22 APRIL 2012. - [Wet betreffende de invoering van het bevel tot betalen na inbreuken op de wetgeving inzake het wegverkeer] (ERRATUM, zie B.St. 31-10-2012, p. 66215)
HOOFDSTUK 1. - Algemene bepaling
Art. 1
HOOFDSTUK 2. - Wijziging van de wet van 16 maart 1968 betreffende de politie over het wegverkeer
Art. 2
HOOFDSTUK 3. - Overgangsbepaling
Art. 3
HOOFDSTUK 4. - Opheffingsbepalingen
Art. 4-5
HOOFDSTUK 5. - Slotbepaling
Art. 6
HOOFDSTUK 1. - Algemene bepaling
Artikel 1. Deze wet regelt een aangelegenheid als bedoeld in artikel 77 van de Grondwet
HOOFDSTUK 2. - Wijziging van de wet van 16 maart 1968 betreffende de politie over het wegverkeer
Art.2. In titel V van de wet van 16 maart 1968 betreffende de politie over het wegverkeer wordt na hoofdstuk II een hoofdstuk II/1 ingevoegd, luidende :
" Hoofdstuk II/1. - Bevel tot betalen
Art. 65/1. § 1. Wanneer de in artikel 65, § 1, bedoelde som niet binnen de door de Koning bepaalde termijn wordt betaald, kan de procureur des Konings aan de overtreder een bevel geven tot betalen van deze geldsom binnen een termijn van vijfenveertig dagen volgend op de dag van de verzending van dit bevel.
Dit bevel wordt per gerechtsbrief verstuurd aan de overtreder en bevat minstens :
1° de dagtekening;
2° de ten laste gelegde feiten en de geschonden wetsbepalingen;
3° de datum, het tijdstip en de plaats van overtreding;
4° de identiteit van de overtreder of, bij gebreke hieraan, van de houder van de nummerplaat van het voertuig waarmee de overtreding werd begaan;
5° de referte van de som bedoeld in artikel 65, § 1 en in voorkomend geval van het voorstel tot verval van de strafvordering door betaling van de geldsom;
6° de dag waarop of de termijn waarbinnen de som uiterlijk moet betaald worden;
7° de wijze waarop, de termijn waarbinnen en het parketsecretariaat waarbij het bezwaar kan worden ingediend.
§ 2. De overtreder kan bezwaar indienen bij de procureur des Konings binnen de dertig dagen volgend op de dag van verzending van het bevel tot betalen.
Dit bezwaar wordt met redenen omkleed en houdt keuze van woonplaats in België in, indien de verzoeker er zijn woonplaats niet heeft. Het wordt door de overtreder of diens advocaat ingediend bij een verzoekschrift dat wordt neergelegd op het parketsecretariaat of dat bij aangetekende brief aan het parket wordt verzonden.
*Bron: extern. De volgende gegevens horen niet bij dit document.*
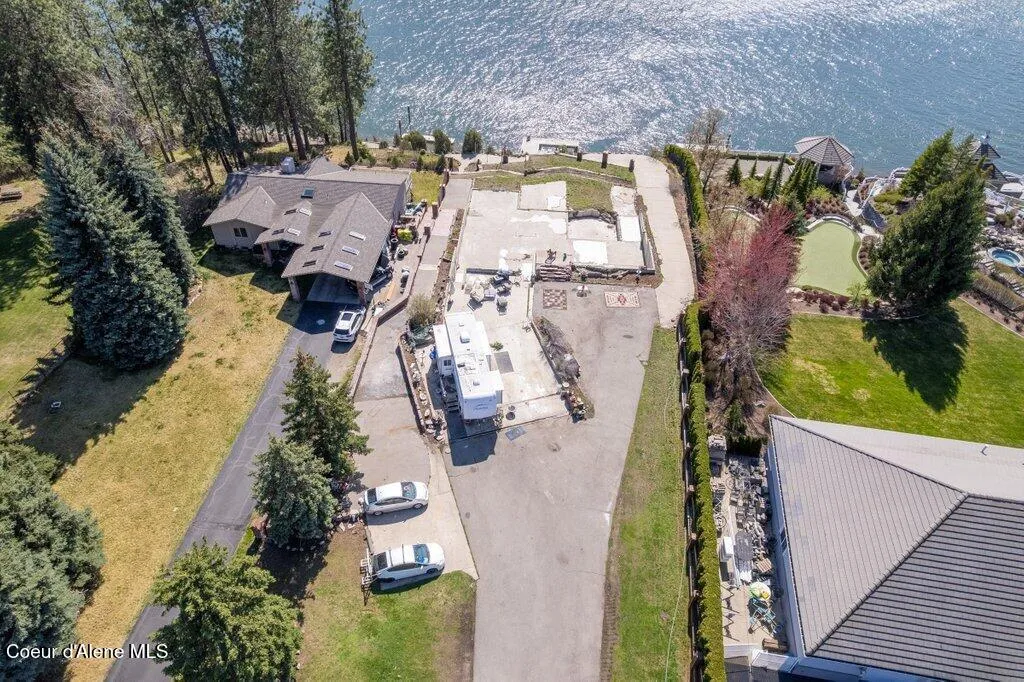 1504 E Plaza Drive Post Falls ID 83854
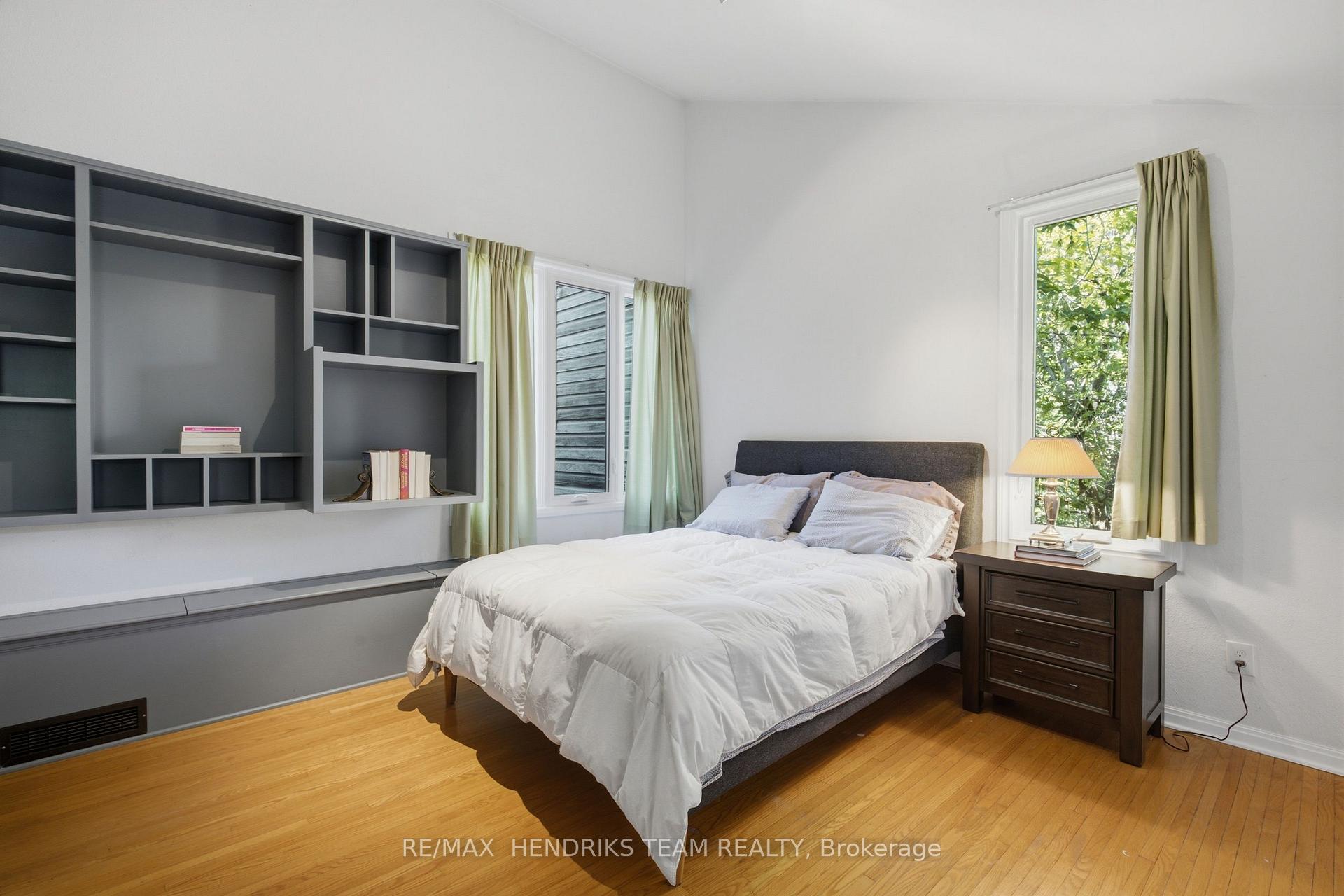 Photo 28 of 10 Vergorda Circle, St. Catharines, Glendale/Glenridge — HOMEH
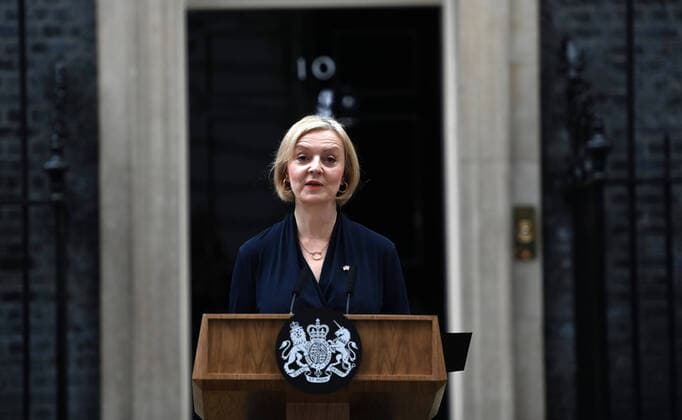 Bilder des Jahres 2022, News 10 Oktober News Bilder des Tages UK Prime Minister Liz Truss delivers a speech of resignation outside the door of No.10 Downing St as pressure mounted on her from all sides of her party on Thursday, October 20, 2022. Ms.Truss resigned after just 44 days. A new leader will be announced in a week s time after a speeded up election campaign. 1 LON2022102002 HUGOxPHILPOTT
In dit laatste geval geldt de datum van verzending van de aangetekende brief als datum waarop het bezwaar werd ingediend.
Het verzoekschrift moet op straffe van nietigheid hetzij de referte van het bevel tot betalen vermelden, hetzij als bijlage het origineel of een afschrift van het bevel tot betalen bevatten.
§ 3. De procureur des Konings kan het bezwaar aanvaarden en geeft er in voorkomend geval kennis van aan de overtreder. Indien hij het bezwaar niet aanvaardt, wordt de zaak aanhangig gemaakt bij dagvaarding bij de bevoegde rechtbank overeenkomstig artikel 145 en volgende van het Wetboek van strafvordering.
De verzoeker wordt geacht afstand te hebben gedaan van zijn bezwaar indien hij of zijn advocaat niet verschijnt.
Overeenkomstig artikel 172 van het Wetboek van strafvordering staat tegen het vonnis van de politierechtbank beroep open bij de correctionele rechtbank.
De verzoeker wordt geacht afstand te hebben gedaan van zijn bezwaar indien hij of zijn advocaat niet verschijnt.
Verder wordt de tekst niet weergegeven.